▸ **Records from a dataset**
+++++

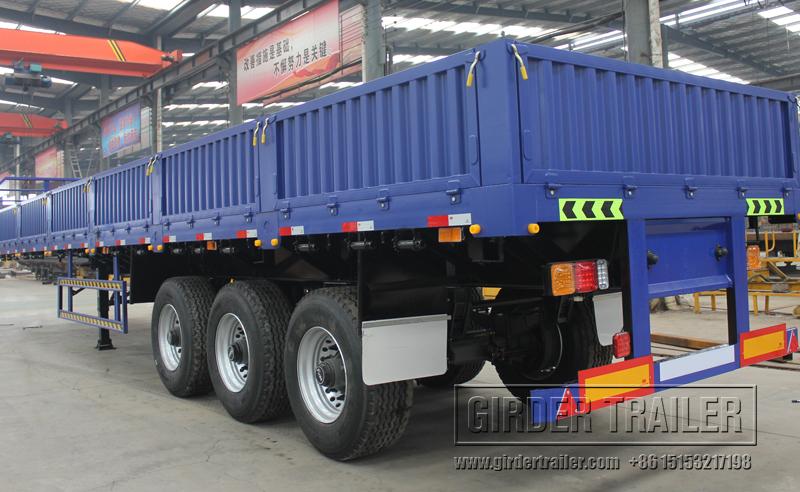 Blue drop side trailer panel road view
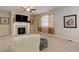 Cozy living room featuring a fireplace, neutral carpet, and large window for natural light at 12513 Grape St, Thornton, CO 80241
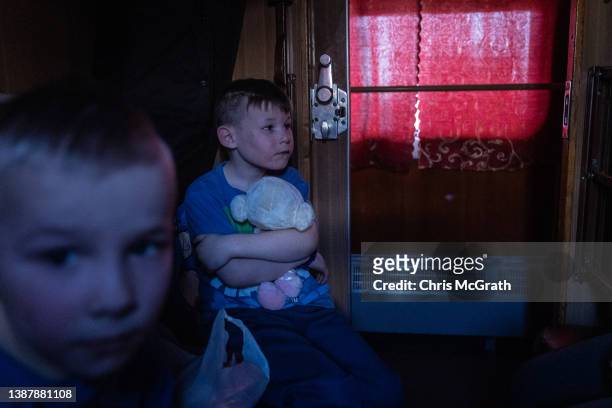 An orphan boy hugs a soft toy as he waits on a train after fleeing the town of Polohy which has come under Russian control before evacuating on a...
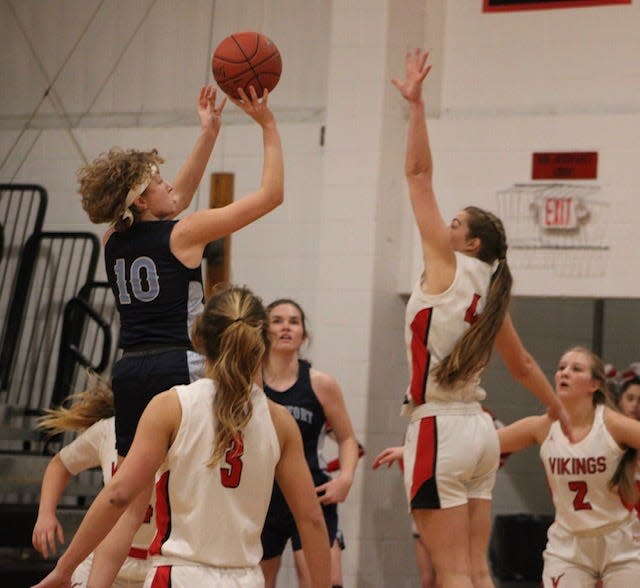 Frankfort's Larae Grove elevates for a shot in traffic. Grove scored 14 points for the Lady Falcons in their 57-51 loss at Petersburg.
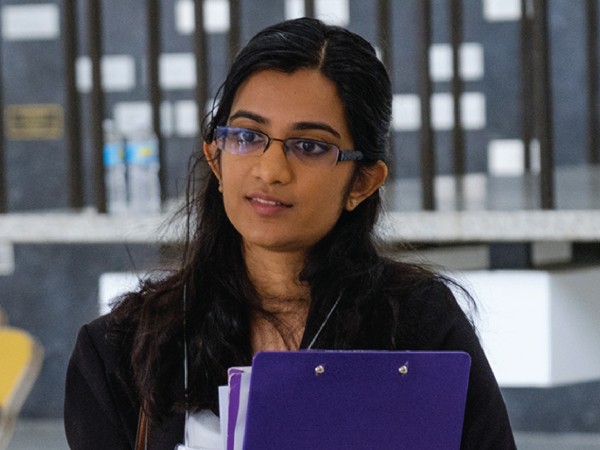 femaie student standing in a classroom holding blue folders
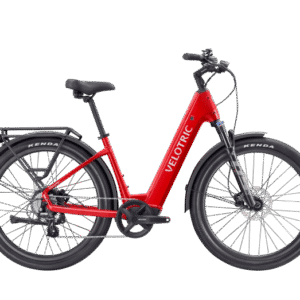 A red Velotric electric bicycle with a step-through frame, black seat, rear rack, and wide black tires, shown in a side view on a white background.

+++++

▸ **Required action**
Among the entries above, take the lines from the one with "An orphan boy" through the one with "femaie student standing" and retype them exactly, leaving out the pictures.

▸ **Task solution**
 An orphan boy hugs a soft toy as he waits on a train after fleeing the town of Polohy which has come under Russian control before evacuating on a...
 Frankfort's Larae Grove elevates for a shot in traffic. Grove scored 14 points for the Lady Falcons in their 57-51 loss at Petersburg.
 femaie student standing in a classroom holding blue folders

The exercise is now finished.